A faithful copy of the listing below is needed, with its pictures left out.
##### RAW DATA #####
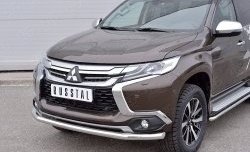 16 849 р. Защита переднего бампера (Ø63 мм, нержавейка) SLITKOFF Mitsubishi Pajero Sport QE дорестайлинг (2015-2021)  с доставкой в г. Майкоп. Увеличить фотографию 3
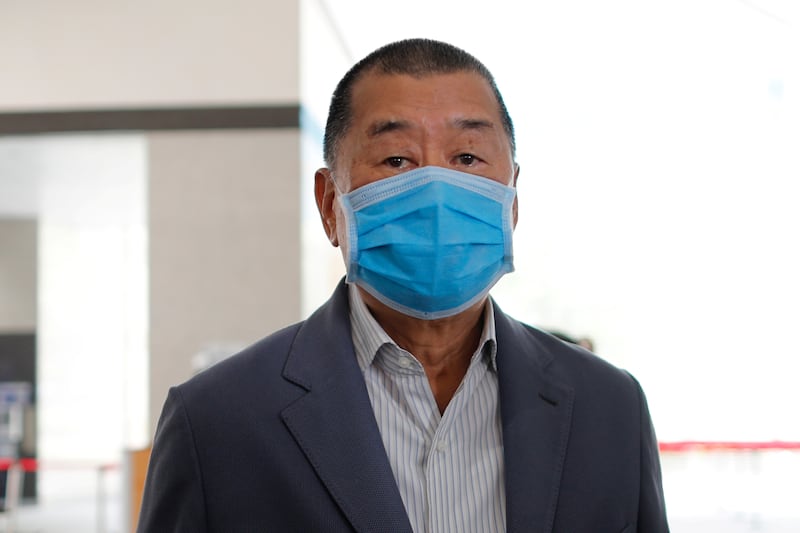 Jimmy Lai Chee-ying, founder of Apple Daily, arrives West Kowloon Magistrates' Courts to facing a criminal intimidation charge in Hong Kong, China August 20, 2020.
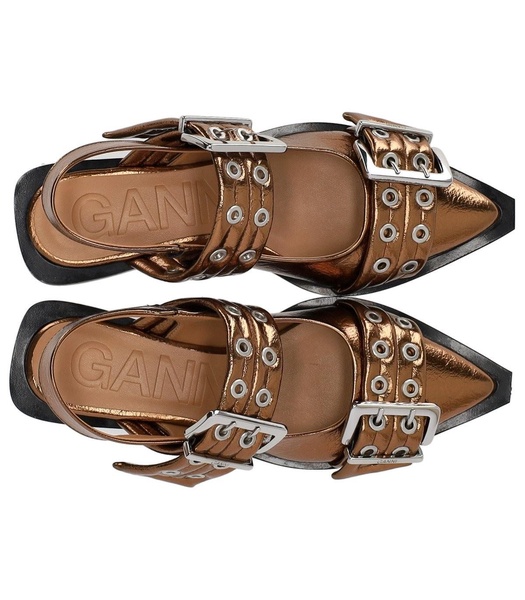 Ganni  Bronze Slingback Ballet Flat Shoe With Buckles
#####
■ **ANSWER SPACE**
 16 849 р. Защита переднего бампера (Ø63 мм, нержавейка) SLITKOFF Mitsubishi Pajero Sport QE дорестайлинг (2015-2021)  с доставкой в г. Майкоп. Увеличить фотографию 3
 Jimmy Lai Chee-ying, founder of Apple Daily, arrives West Kowloon Magistrates' Courts to facing a criminal intimidation charge in Hong Kong, China August 20, 2020.
 Ganni  Bronze Slingback Ballet Flat Shoe With Buckles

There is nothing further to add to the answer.